*PROVIDED DATA:*
----------
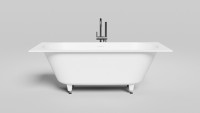 Ванна из искусственного камня Salini Ornella Axis Kit S-Sense 170x70 см, встраиваемая, матовая белая, на ножках, с донным клапаном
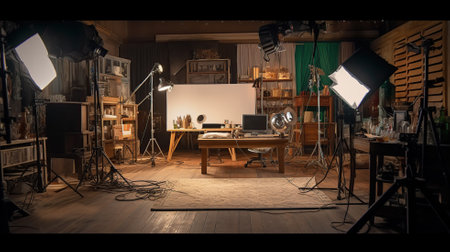 Studio video production lighting set. Generative AIの素材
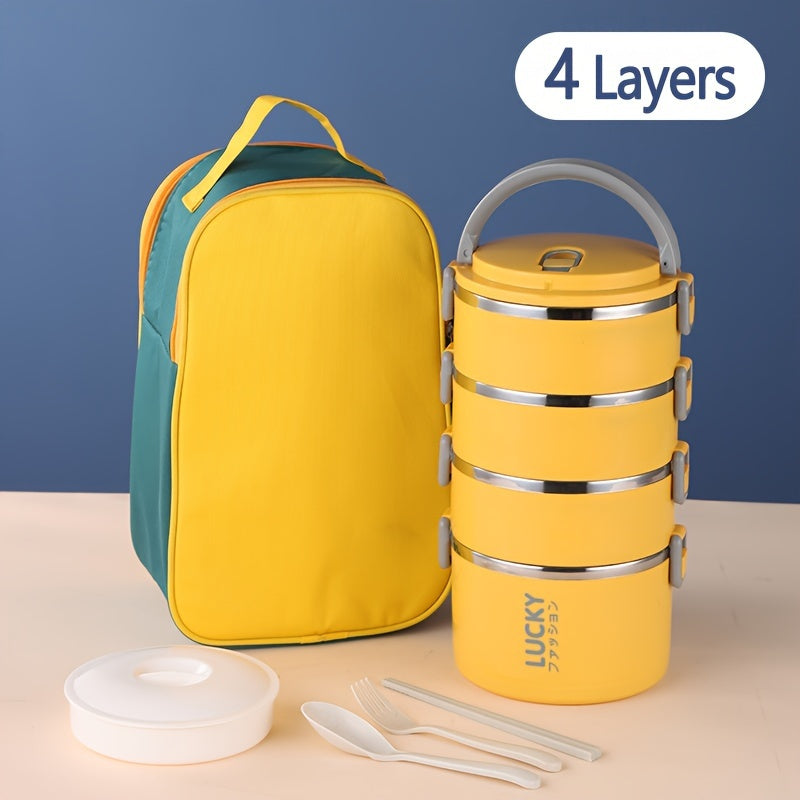 Upgrade your lunch game with this durable Large Capacity Stainless Steel Insulated Lunch Box Set! Perfect for school, picnic, camping, or work, this reusable and leak-proof bento container comes with a thermal bag and cutlery for convenience. Easy to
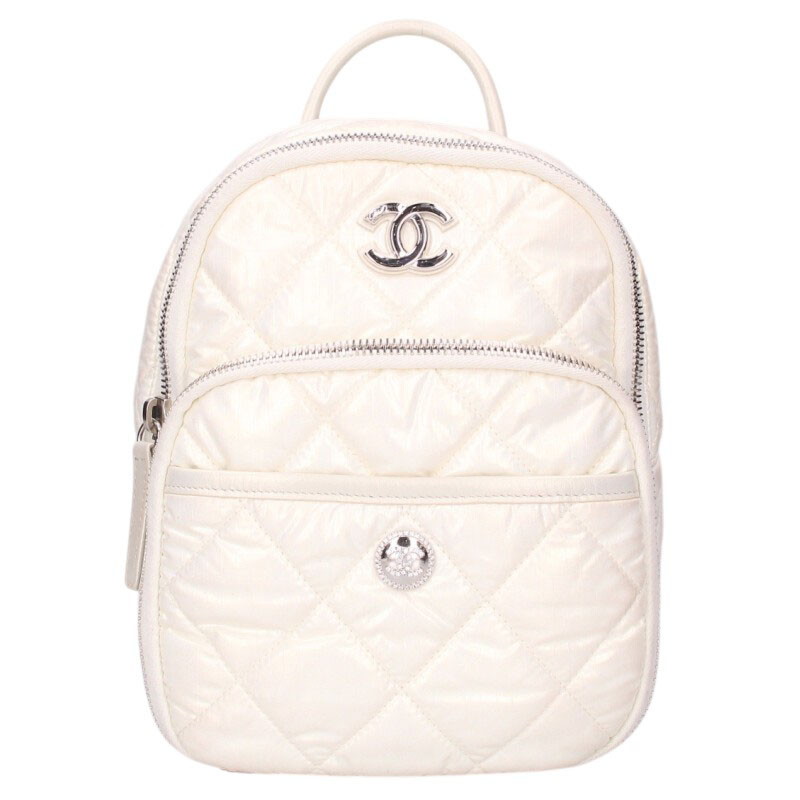 シャネル CHANEL   AS4366 ネージュコレクション ナイロンチェーンバックパック(白いこと×しろがね色×せつ然たる)【314062】【BS99】【小物】【中古】bb30#rinkan*C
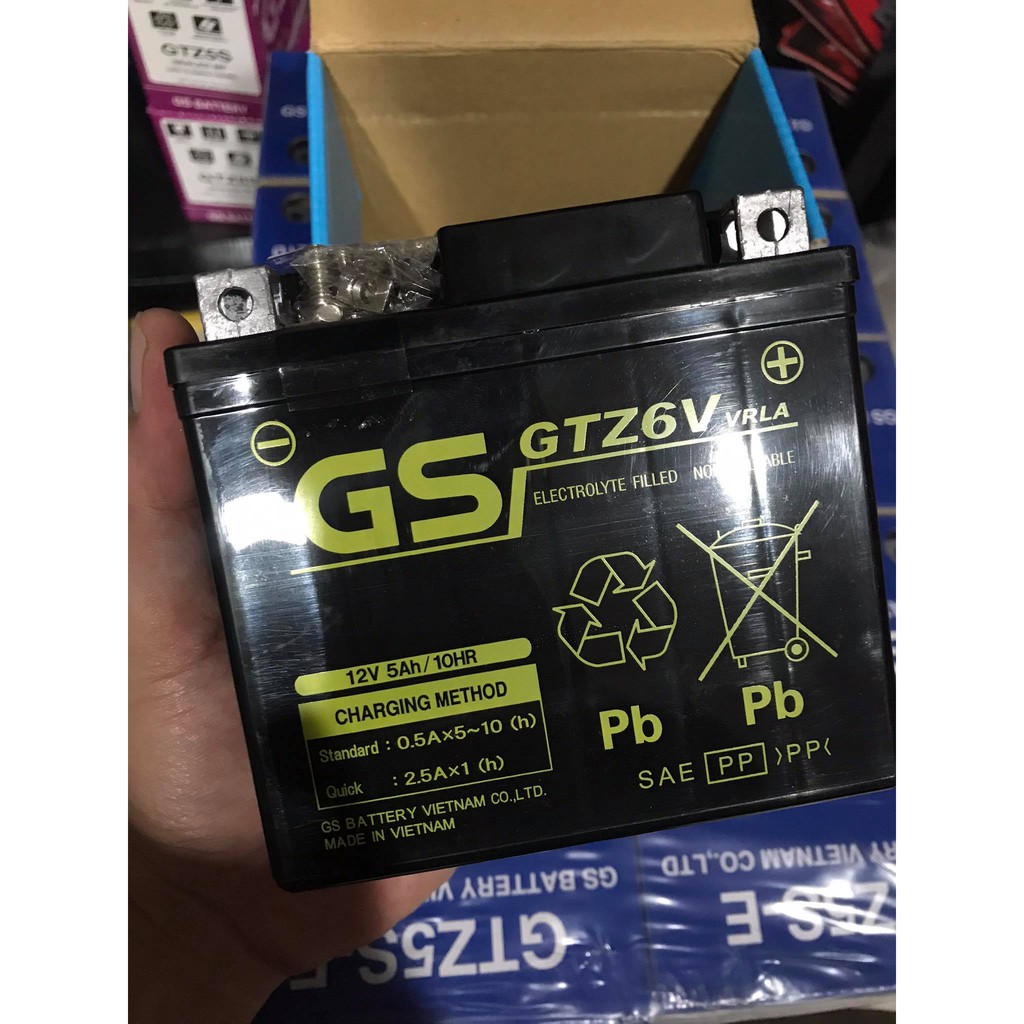 BÌNH ắc quy GS GTZ6V tem vàng 12V - 5Ah, 131 x 62 x 131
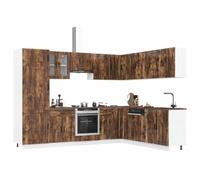Tomostar Cuisine Complète d'angle sans Plan de Travail, Mueble de Cuisine Complete Ensemble d'armoires de Cuisine 14 pcs Porto Bois d'ingénierie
----------
*EXERCISE INSTRUCTIONS:* The copy you write must hold every record verbatim and none of the pictures.

*YOUR SOLUTION:*
 Ванна из искусственного камня Salini Ornella Axis Kit S-Sense 170x70 см, встраиваемая, матовая белая, на ножках, с донным клапаном
 Studio video production lighting set. Generative AIの素材
 Upgrade your lunch game with this durable Large Capacity Stainless Steel Insulated Lunch Box Set! Perfect for school, picnic, camping, or work, this reusable and leak-proof bento container comes with a thermal bag and cutlery for convenience. Easy to
 シャネル CHANEL   AS4366 ネージュコレクション ナイロンチェーンバックパック(白いこと×しろがね色×せつ然たる)【314062】【BS99】【小物】【中古】bb30#rinkan*C
 BÌNH ắc quy GS GTZ6V tem vàng 12V - 5Ah, 131 x 62 x 131
Tomostar Cuisine Complète d'angle sans Plan de Travail, Mueble de Cuisine Complete Ensemble d'armoires de Cuisine 14 pcs Porto Bois d'ingénierie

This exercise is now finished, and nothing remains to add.